This blog describes why I am running for a seat on the Faculty of Public Health (FPH) board . The FPH is the professional body for UK public health specialists. Elections are about to open for members to choose who sits on the board for the coming three years.
Last week I retweeted a slide reporting that between 2002-2012 more than 3 million deaths from malaria were averted due to measures such as bed nets and combination therapy. Isn’t that amazing? When working on health data we too often forget what it means. Contrast the horror of just one child or parent dying, with the joy if the same child or parent lives and then scale it up by 3 million. That’s what this figure means. It’s not just a number. It’s something that matters, something visceral, something wonderful.
I love public health. Working in public health we get to get up each morning and work to save lives. We are lucky enough to be part of a profession in which we get paid to understand and guide action on the most important problems in society, the ones which kill people, the ones which deprive people of their loved ones. And we get to do this at scale so that hundreds, thousands or even millions of people can have better lives. Our work is interesting and meaningful. We shouldn’t forget what a rare privilege this is.
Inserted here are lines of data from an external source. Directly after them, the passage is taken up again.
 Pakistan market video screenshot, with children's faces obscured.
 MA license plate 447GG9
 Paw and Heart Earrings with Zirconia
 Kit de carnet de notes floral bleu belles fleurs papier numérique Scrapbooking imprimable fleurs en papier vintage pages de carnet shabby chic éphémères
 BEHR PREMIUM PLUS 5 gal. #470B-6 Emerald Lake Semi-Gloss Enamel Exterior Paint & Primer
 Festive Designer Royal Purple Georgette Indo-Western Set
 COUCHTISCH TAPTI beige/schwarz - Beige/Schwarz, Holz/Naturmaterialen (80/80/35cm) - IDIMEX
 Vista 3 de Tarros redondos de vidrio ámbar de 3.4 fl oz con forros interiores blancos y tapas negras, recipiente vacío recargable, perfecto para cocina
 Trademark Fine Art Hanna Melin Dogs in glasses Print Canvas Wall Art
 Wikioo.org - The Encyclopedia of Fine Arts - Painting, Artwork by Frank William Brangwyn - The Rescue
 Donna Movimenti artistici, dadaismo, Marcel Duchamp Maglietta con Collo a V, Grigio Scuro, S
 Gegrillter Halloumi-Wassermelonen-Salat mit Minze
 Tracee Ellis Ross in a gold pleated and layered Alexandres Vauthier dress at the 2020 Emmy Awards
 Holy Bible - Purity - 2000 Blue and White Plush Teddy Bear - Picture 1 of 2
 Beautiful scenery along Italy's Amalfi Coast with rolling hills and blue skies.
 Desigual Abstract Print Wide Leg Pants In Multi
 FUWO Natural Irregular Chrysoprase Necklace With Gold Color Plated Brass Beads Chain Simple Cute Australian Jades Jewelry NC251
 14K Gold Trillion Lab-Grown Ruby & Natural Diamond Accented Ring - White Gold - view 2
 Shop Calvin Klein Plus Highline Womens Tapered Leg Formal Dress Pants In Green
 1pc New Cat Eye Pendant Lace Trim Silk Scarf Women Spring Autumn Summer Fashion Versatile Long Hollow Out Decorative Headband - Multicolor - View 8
Whatever part of public health we work in, improving healthcare services, working to protect communities from infectious and other hazards, or improving health by influencing behaviour or the environments on which it depends, this same underlying purpose is there. But it’s easy to forget this when caught up in the day to day processes of being a public health professional. For me public health is about holding on to our underlying purpose as we get stuck into the nitty gritty of making change happen. It’s about having maximum impact by improving the whole web of complex factors on which health depends. To this end there are three things which I would focus on on the FPH board:
1: The FPH as a supportive network
There are so many brilliant people working in public health. I want to help the FPH help all it’s members to have as big an impact on health as we can. I would like every member to be able to say ‘ I care about this [aspect of public health]….’ and for the FPH response to be ‘Great. We can help you with that … ‘. I would like FPH members to be more connected with and accessible to each other so we can help and learn from each other more easily. I think the FPH could function as a much more effective network. As members of the FPH we could better support each other to rediscover what really matters to us. I think we would enjoy our work and be more effective at it if we do this.
2: The FPH as a catalyst for system change
The FPH is uniquely positioned to understand and work on the systemic problems which hinder health. This includes working to make health one of the fundamental goals of ‘the system’, and understanding and altering the information flows and feedback loops which influence health. For example economic development not health is often the primary concern of public policy and so the health impacts of major policy decisions are not placed front and centre. Couple this with the fact that most public health professionals now work in local or national government so can’t provide independent assessment of these impacts and it’s far too easy for decisions to be made which harm health. We don’t currently have an effective systematic process which creates and communicates independent accessible scientifically valid assessments of all major policy changes. If we could create this we would have created a feedback loop which could help push the whole system in the direction of being more healthy. Alongside this I think we could be much more generous sharing ‘public health’ knowledge and approaches with others. Wouldn’t it be great if there was a much wider understanding of public health? Let’s not be a professional group which creates and protects our silo of expertise but instead take a more ambitious and forward looking approach whereby we are working to share and learn as widely as possible and in so doing we are changing the expectations of the whole system in which we work.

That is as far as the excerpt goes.